** WHAT YOU HAVE TO DO **
The reply should hold only the lines below beginning at the one with "1GKKNRLA5KZ300364 GMC ACADIA SLE" and ending at the one with "Women's Origin Performance", copied exactly, with every picture left out.

***** TASK INPUT

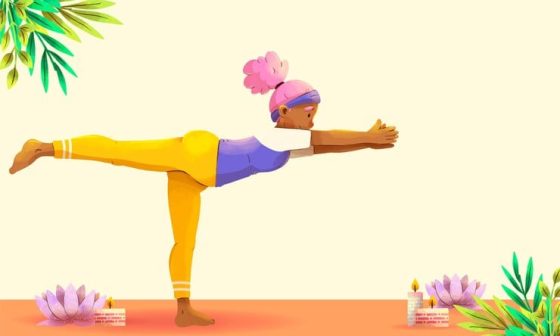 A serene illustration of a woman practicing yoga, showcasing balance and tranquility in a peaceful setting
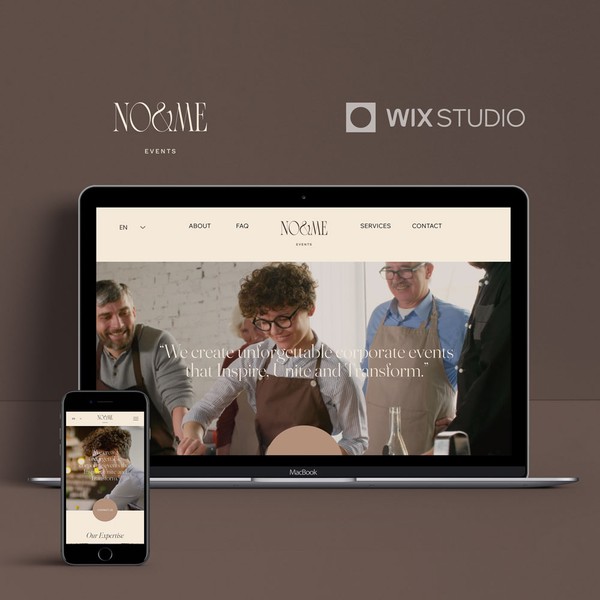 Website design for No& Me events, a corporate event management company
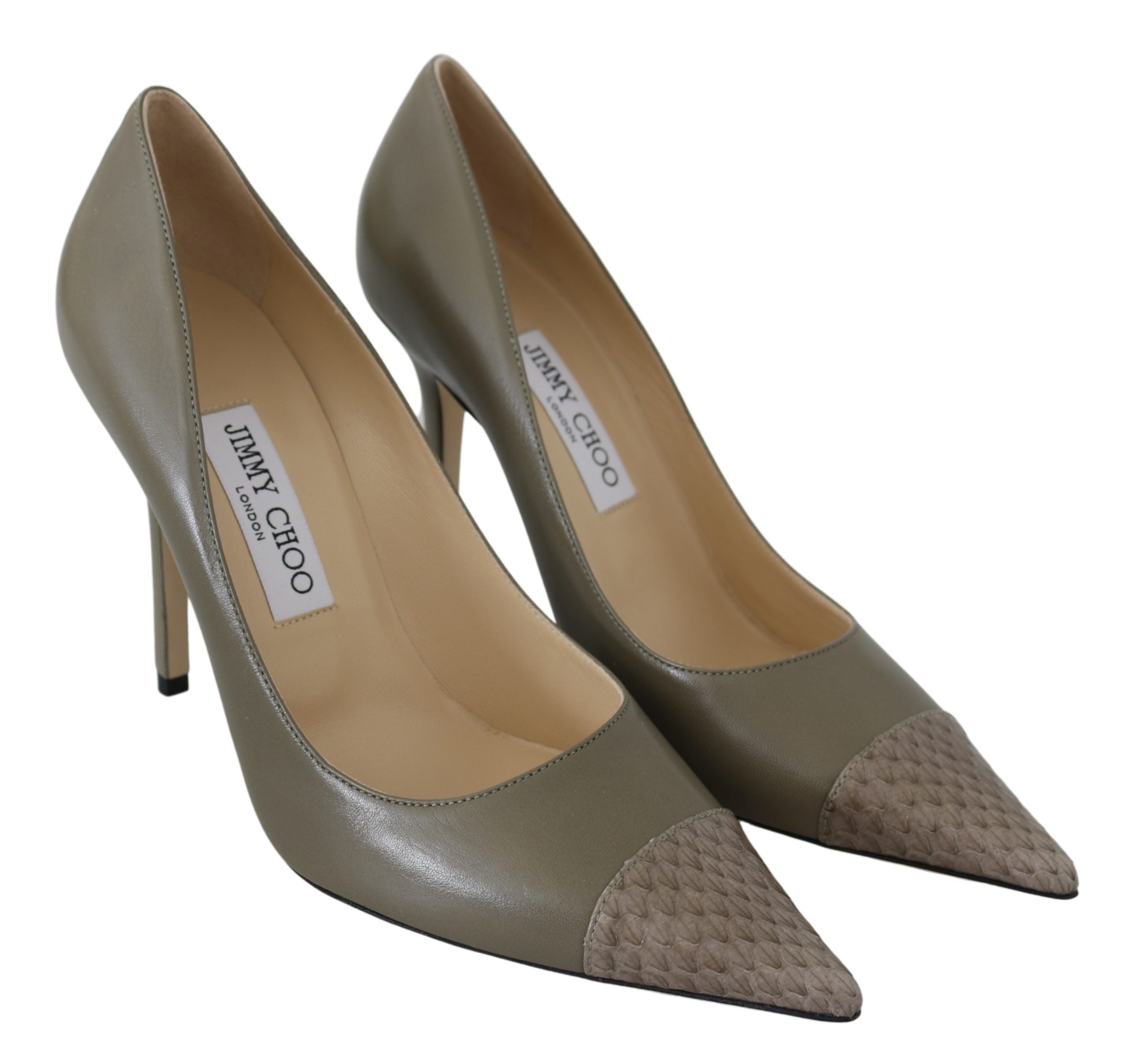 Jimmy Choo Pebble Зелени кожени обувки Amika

**********
***** TASK INPUT

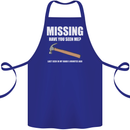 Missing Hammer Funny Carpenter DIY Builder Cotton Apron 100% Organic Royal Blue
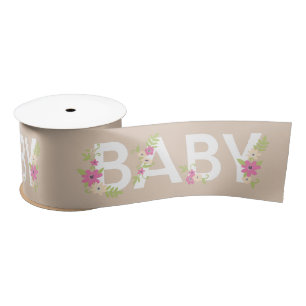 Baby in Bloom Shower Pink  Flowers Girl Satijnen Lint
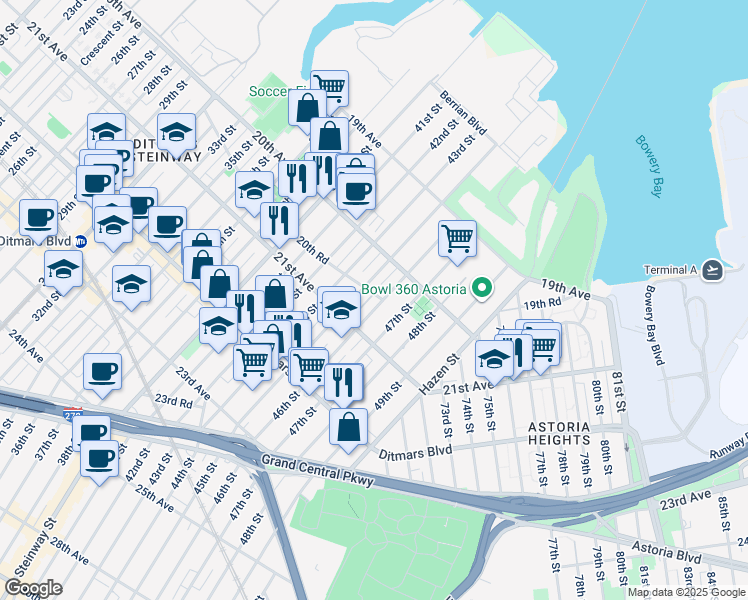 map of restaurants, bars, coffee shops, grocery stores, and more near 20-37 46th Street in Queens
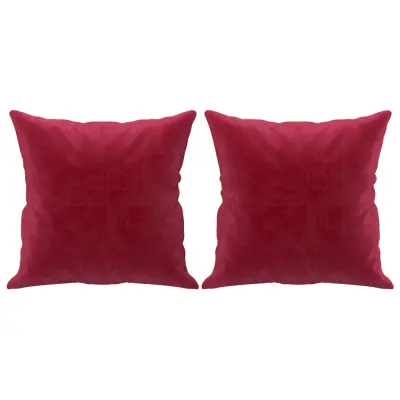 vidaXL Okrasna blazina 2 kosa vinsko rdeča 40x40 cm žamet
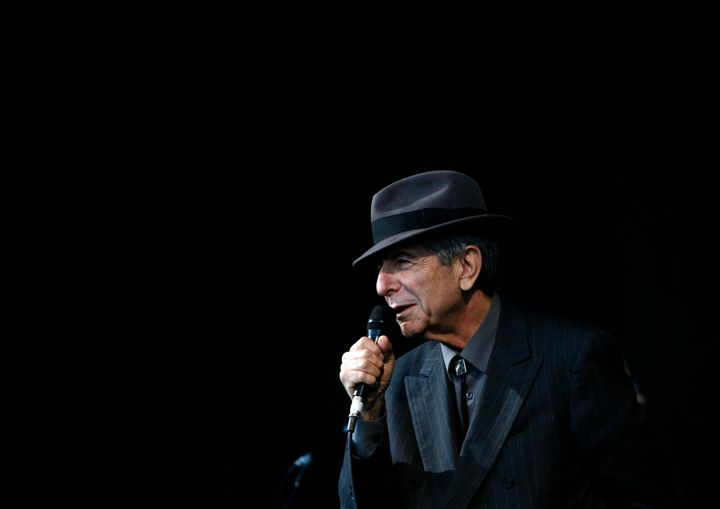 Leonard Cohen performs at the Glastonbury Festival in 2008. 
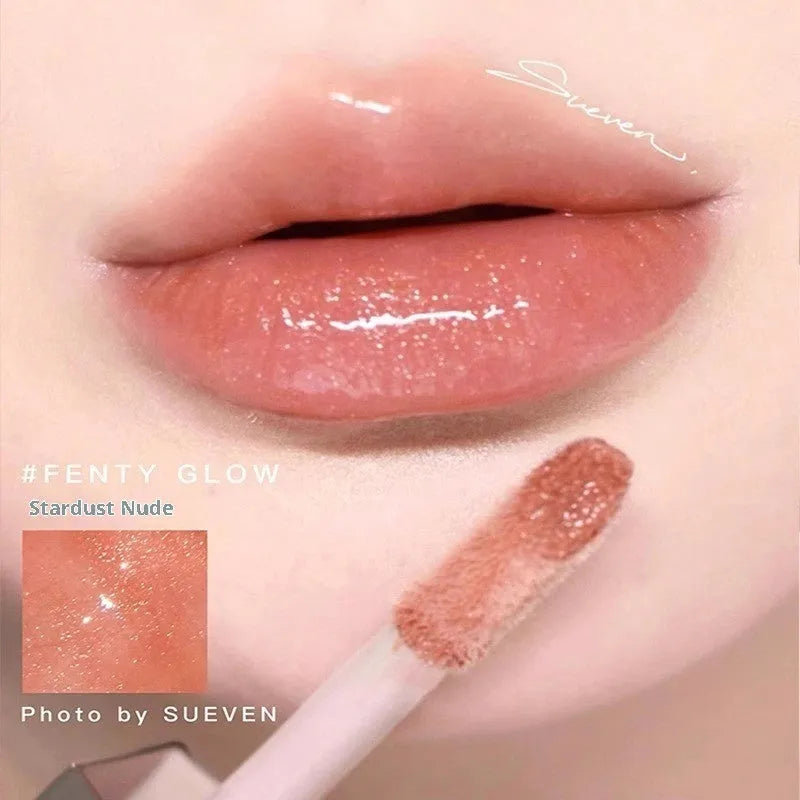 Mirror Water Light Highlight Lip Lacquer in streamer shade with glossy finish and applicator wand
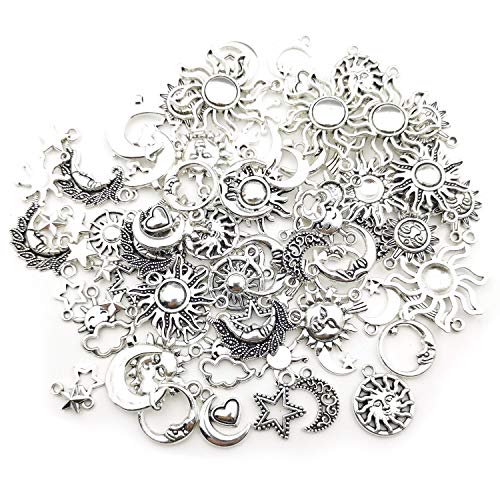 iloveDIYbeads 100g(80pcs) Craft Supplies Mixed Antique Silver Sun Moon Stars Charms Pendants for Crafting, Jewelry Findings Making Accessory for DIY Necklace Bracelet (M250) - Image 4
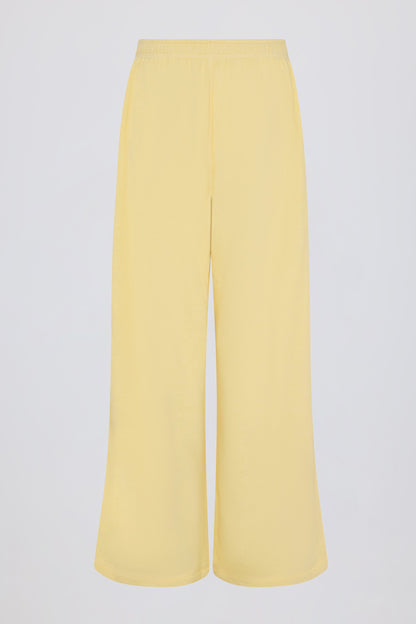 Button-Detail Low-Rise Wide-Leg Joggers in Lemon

**********
***** TASK INPUT

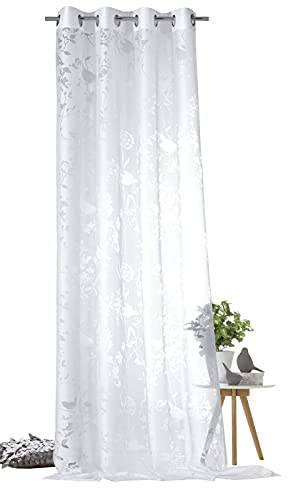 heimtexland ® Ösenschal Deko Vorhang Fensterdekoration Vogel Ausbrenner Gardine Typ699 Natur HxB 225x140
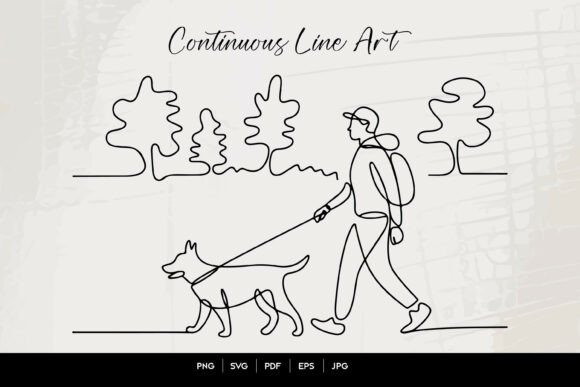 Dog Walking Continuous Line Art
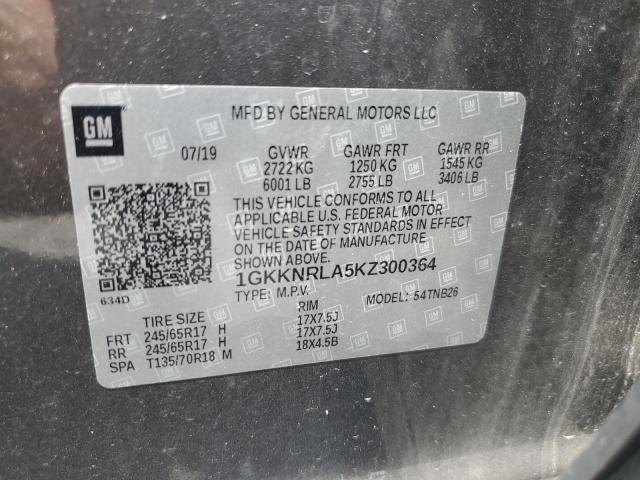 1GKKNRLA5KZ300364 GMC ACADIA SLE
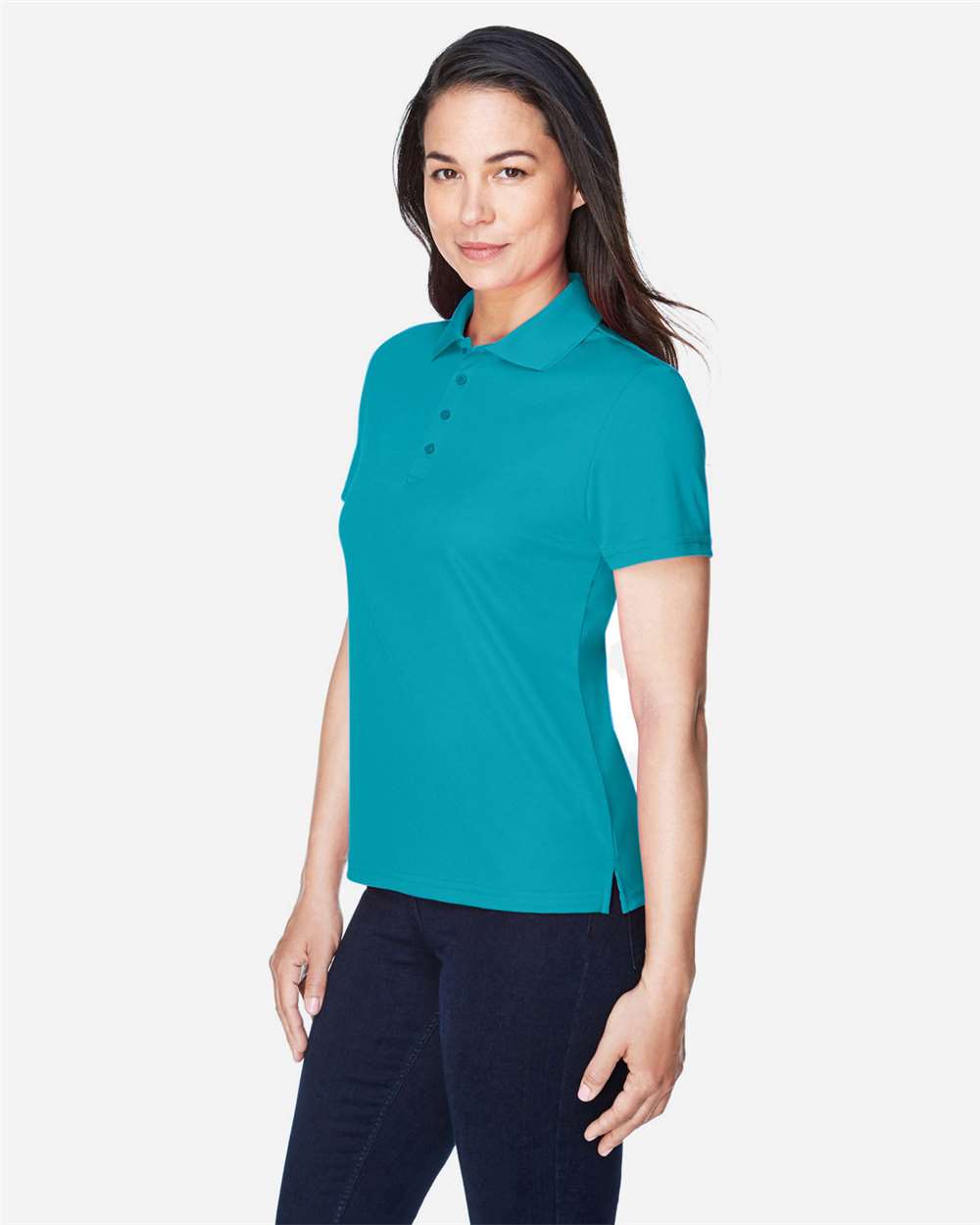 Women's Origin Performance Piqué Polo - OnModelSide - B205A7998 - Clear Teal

**********

** SOLUTION FOR THIS PROBLEM **
 1GKKNRLA5KZ300364 GMC ACADIA SLE
 Women's Origin Performance Piqué Polo - OnModelSide - B205A7998 - Clear Teal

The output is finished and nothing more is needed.